Commenting on the research, Dr Maria Neira, Director, Department of Public Health, Environment and Social Determinants of Health, at WHO, said: “We urgently need to know more about the health impact of microplastics because they are everywhere – including in our drinking-water. Based on the limited information we have, microplastics in drinking water don’t appear to pose a health risk at current levels. But we need to find out more. We also need to stop the rise in plastic pollution worldwide.”

‘Affecting ecosystems in detrimental ways’

Although there may be insufficient evidence to prove that microplastics are a significant concern for human health, the damaging impact of plastics on the environment is undeniable.

Microplastics make up almost 13 per cent of the 12.2 million tonnes of plastic ending up in the marine environment every year, according to a 2016 study by Eunomia Research and Consulting.
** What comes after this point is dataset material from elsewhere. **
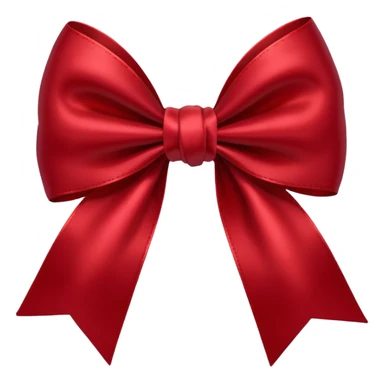 dark red bow sticker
In 2017, researchers from the University of Newcastle found plastic particles to be ubiquitous in the deepest part of the world’s oceans, where it is mistaken for food and ingested by marine organisms.

In January 2018, the UK Government introduced a ban on the manufacture of cosmetic products containing microbeads, following a public consultation of industry and environmental groups. The European Union has also proposed a wide-ranging ban on microplastics in products.

Commenting on the WHO's analysis, Simon Hann, Lifecycle Assessment Specialist at Eunomia Research and Consulting, added: “Whilst the limited evidence is encouraging this does not detract from the larger issue of microplastics in all environments affecting ecosystems in detrimental ways that we are only just beginning to comprehend.

“Inaction will only result in these materials accumulating further and increase the risk of negative consequences throughout the food chain; therefore it is still important to focus on preventive measures to ensure that plastic does not enter the environment as we can’t remove it once it’s out there.”